Ever since I updated to the latest version of gmail the other day, I get the "what's new" notice every time I go in to gmail. Is this happening to anyone else? Is there a way to stop it?

Not sure if it matters, but I'm running LGB v 0.09. Thanks!


----------



## razorloves (Jun 7, 2011)

cmdixon said:


> Ever since I updated to the latest version of gmail the other day, I get the "what's new" notice every time I go in to gmail. Is this happening to anyone else? Is there a way to stop it?
> 
> Not sure if it matters, but I'm running LGB v 0.09. Thanks!


didnt happen to me. try clearing the data on gmail. You can do this by going to Settings-Applications-Manage Applications


----------



## Guest (Jul 31, 2011)

A lot of people are experiencing issues with Gmail 2.3.5. I'm not upgrading to it for some time since the previous update is perfectly stable.

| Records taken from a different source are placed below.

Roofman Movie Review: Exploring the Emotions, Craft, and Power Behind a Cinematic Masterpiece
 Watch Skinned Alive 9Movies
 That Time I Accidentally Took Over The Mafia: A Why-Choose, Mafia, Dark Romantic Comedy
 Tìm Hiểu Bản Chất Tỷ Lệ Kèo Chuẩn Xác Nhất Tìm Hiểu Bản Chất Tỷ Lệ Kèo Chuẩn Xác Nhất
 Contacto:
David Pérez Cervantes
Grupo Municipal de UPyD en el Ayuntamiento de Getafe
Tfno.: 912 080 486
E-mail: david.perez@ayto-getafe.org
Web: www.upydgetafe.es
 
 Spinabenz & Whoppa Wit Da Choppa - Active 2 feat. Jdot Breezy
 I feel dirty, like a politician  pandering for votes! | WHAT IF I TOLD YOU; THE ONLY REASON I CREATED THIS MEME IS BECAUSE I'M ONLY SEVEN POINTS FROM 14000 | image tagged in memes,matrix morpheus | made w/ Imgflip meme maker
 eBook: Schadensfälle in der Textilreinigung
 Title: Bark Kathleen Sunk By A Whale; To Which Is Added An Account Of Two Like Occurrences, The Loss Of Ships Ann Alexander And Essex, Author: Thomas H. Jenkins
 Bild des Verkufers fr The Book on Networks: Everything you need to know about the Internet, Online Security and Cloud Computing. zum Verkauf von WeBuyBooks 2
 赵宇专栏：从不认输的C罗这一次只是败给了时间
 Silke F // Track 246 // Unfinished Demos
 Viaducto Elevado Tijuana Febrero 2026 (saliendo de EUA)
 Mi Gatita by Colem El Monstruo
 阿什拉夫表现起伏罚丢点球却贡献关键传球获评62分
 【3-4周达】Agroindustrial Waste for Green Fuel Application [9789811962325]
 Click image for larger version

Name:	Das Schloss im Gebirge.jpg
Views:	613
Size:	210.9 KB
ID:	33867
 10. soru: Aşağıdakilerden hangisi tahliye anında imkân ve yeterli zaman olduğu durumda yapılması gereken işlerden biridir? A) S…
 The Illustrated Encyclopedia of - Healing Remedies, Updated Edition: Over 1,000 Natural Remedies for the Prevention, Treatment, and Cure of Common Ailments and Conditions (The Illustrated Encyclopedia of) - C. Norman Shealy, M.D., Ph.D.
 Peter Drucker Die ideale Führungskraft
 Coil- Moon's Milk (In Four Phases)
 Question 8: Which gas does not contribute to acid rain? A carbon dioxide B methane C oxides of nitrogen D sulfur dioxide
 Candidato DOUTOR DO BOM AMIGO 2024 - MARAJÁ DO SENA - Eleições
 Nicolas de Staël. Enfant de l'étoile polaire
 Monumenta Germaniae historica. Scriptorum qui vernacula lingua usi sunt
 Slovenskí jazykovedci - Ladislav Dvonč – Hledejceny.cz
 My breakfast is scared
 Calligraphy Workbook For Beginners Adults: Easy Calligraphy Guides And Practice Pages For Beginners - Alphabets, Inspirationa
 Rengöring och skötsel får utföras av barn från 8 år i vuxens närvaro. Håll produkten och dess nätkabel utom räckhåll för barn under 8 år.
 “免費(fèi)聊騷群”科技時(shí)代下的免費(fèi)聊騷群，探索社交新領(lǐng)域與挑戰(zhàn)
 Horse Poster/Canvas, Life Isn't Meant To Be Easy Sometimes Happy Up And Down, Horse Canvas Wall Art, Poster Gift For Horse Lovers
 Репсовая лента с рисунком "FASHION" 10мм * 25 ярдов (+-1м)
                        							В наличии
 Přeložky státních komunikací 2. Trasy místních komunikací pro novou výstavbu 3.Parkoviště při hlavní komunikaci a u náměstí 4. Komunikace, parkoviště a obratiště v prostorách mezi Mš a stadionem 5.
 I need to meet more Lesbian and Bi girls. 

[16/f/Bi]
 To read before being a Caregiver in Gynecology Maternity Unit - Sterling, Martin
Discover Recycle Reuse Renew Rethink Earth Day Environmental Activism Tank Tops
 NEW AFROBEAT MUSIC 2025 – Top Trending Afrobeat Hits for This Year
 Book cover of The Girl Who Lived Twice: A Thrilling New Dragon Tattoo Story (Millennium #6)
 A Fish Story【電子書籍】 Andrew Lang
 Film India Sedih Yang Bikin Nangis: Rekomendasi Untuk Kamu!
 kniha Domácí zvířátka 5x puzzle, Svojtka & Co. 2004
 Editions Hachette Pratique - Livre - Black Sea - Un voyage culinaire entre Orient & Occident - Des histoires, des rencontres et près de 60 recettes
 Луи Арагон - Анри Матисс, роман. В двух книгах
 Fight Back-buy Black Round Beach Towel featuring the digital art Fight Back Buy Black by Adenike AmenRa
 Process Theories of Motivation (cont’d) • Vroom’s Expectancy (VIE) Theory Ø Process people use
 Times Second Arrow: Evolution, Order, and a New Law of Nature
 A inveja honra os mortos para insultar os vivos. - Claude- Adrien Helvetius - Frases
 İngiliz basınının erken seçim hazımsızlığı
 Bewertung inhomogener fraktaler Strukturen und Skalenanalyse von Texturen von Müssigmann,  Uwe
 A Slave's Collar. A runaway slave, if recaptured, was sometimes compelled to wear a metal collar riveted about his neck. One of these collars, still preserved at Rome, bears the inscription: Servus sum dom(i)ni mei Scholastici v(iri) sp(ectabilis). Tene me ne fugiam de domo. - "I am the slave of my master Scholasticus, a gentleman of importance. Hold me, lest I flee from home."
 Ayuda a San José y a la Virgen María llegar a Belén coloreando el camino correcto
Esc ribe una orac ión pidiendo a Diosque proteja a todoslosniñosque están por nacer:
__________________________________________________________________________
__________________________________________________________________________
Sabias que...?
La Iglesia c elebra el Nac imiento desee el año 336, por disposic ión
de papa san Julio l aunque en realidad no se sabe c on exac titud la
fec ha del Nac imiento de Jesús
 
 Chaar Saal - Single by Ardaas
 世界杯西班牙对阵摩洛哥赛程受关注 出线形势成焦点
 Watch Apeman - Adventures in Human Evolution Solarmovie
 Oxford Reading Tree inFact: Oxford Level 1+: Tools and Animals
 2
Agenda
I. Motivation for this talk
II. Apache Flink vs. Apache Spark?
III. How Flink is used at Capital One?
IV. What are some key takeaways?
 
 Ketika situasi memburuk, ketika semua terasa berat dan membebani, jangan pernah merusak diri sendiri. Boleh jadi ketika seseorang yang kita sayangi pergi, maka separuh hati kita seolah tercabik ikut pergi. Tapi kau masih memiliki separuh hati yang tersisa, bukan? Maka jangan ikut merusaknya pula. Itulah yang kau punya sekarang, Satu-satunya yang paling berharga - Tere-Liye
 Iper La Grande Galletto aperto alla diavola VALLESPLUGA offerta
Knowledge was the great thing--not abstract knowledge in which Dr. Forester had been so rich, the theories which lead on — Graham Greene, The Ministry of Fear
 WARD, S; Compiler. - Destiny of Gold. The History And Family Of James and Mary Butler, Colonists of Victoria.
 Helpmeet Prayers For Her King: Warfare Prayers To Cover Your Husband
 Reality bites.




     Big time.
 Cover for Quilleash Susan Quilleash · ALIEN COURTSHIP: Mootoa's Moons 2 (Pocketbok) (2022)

If clearing data doesn't work, I recommend just going back to the previous one for the time being.


----------



## cmdixon (Jun 13, 2011)

Clearing data didn't did fix the problem. Thanks for the suggestion though. How can I go back to the previous version?


----------



## Jmoney4769 (Jun 7, 2011)

"cmdixon said:


> Clearing data didn't did fix the problem. Thanks for the suggestion though. How can I go back to the previous version?


Search for it on 4shared.com maybe?


----------



## razorloves (Jun 7, 2011)

cmdixon said:


> Clearing data didn't did fix the problem. Thanks for the suggestion though. How can I go back to the previous version?


uninstall your current one, and use this one http://forum.xda-developers.com/showthread.php?t=1091566


----------



## cmdixon (Jun 13, 2011)

Well, i had trouble with the link on xda, so I decided to just install the one from the market again. That seems to have fixed my problem. Thanks for all the help.


----------



## BrutalSauce (Jun 7, 2011)

Well thats good. I wasnt having the problem, but if this kinda stuff happens i usually will just uninstall the program and reinstall it. It usually will fix the problem.


----------